Kabalagala is the cycle of arbitrary arrest and detention that men face due to draconian colonial vagrancy laws that punish the poor.

Another dimension of precarity engendered by the informal economy is how it has shifts structures of social organization. My research findings align with Parry’s

(1999) study of the informal sector in India, where neoliberal economic policies have transformed the relevance of long-standing markers of social class. Similarly,

Kabalagala’s men are unable to transcend their marked “youth status,” relegated to the status of a boy well into their 30s. Finkelstein (2019, p. 53) captures this notion of being left behind in an ethnography of Bombay’s mill workers:

Current trends in anthropology privilege a forward form of looking: forms of development and institutional ethnographies that unravel how government structures and bureaucratic institutions fuel a teleological conception of progress. While I do not dispute the importance of such engagements, I want to suggest that such a lens simultaneously renders those on the margins intelligible only as leftovers and archaic spaces: as cities redevelop, as markets restructure, and as communities are formed and reformed, the traces of such forward motion – those who are “left behind” or continue to struggle at the margins – become the unseen casualties of more convenient stories.

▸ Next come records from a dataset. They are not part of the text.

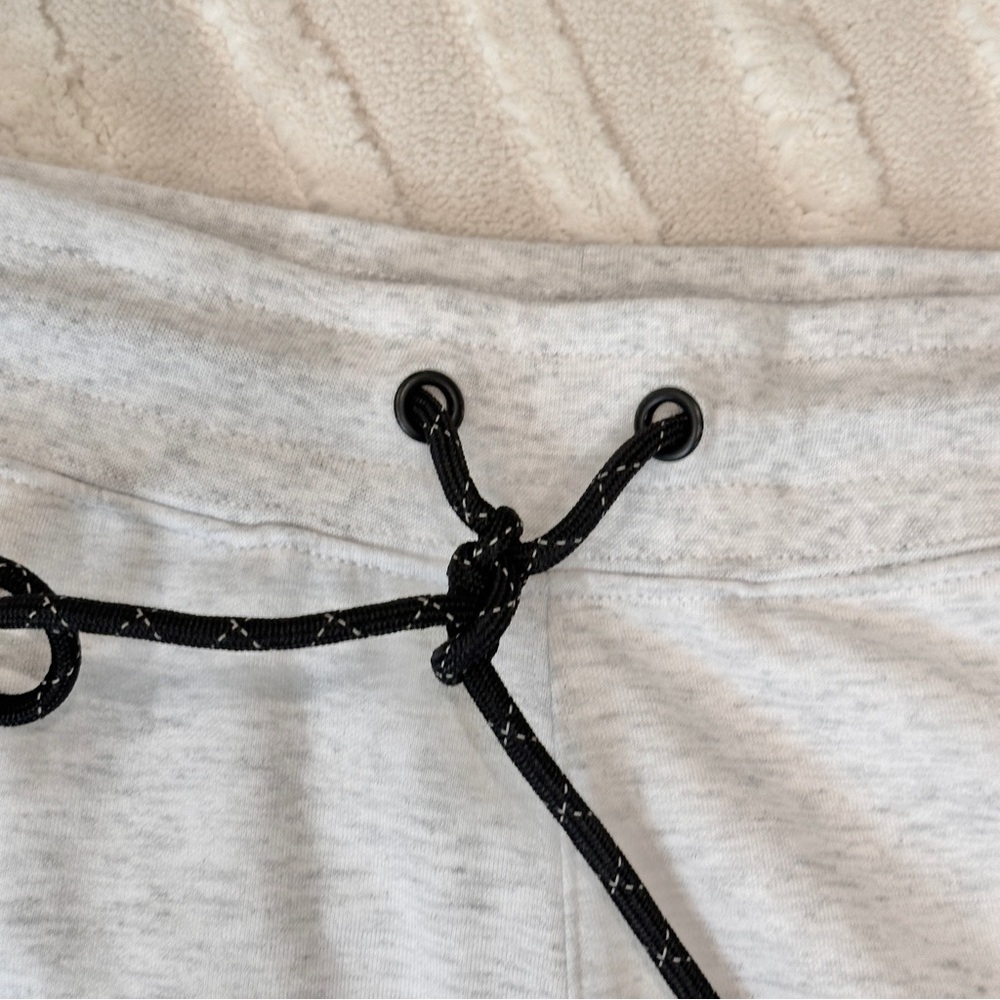 CSG Men grey Shorts - Picture 7 of 11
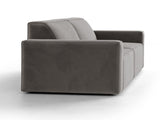 Modulinė sofa 597382 5125332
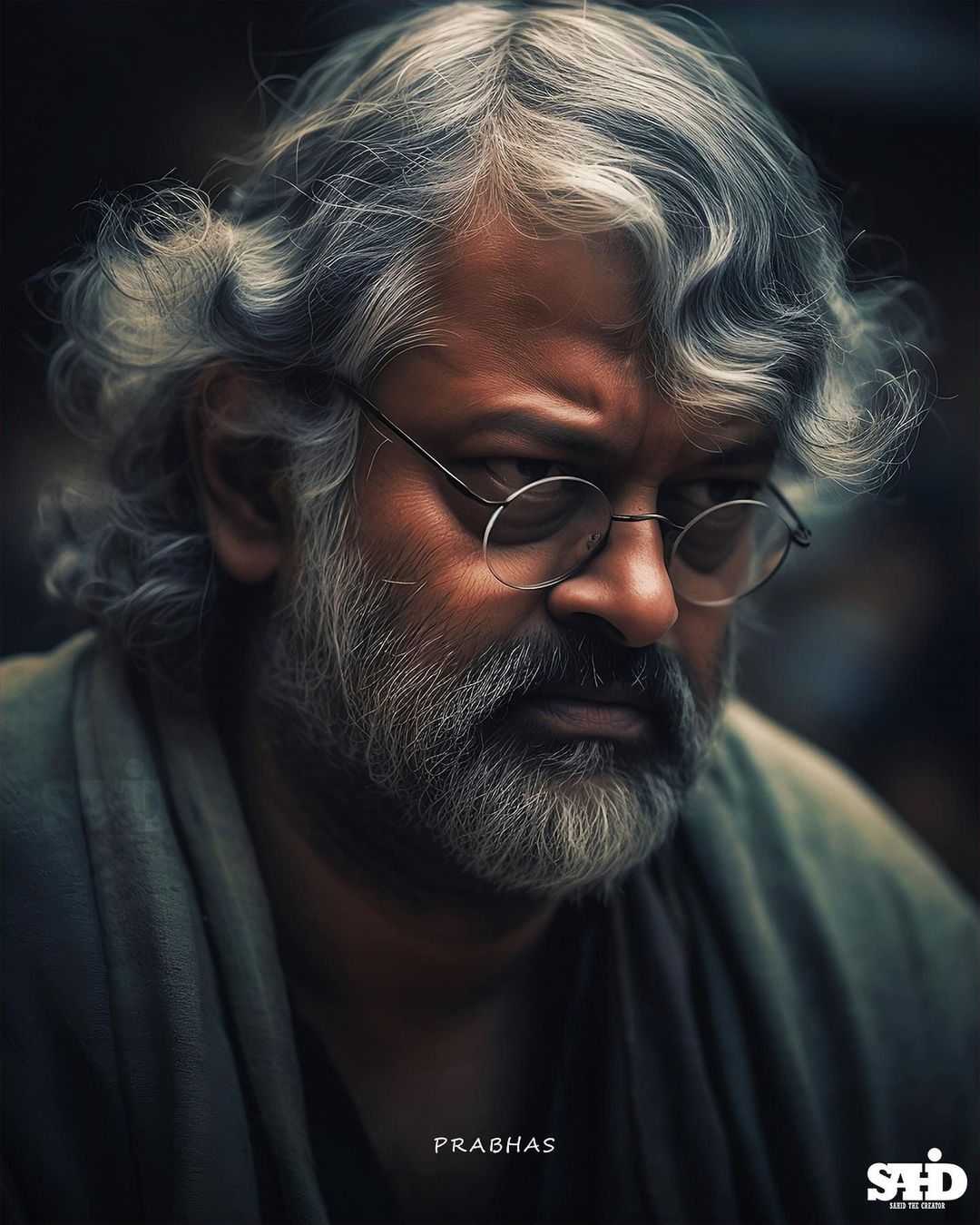 प्रभास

In congruence, I argue that Kabalagala’s men are “unseen casualties of more convenient stories.” KCCA rhetoric of progress is not always human-centered or implemented in a manner that benefits the residents in the Slum Upgrading Project.

Rather than accept the outcome, Kabalagala’s men rebuff the more convenient stories.

This is certainly present in the rumblings of political dissent that emerge from men’s narratives.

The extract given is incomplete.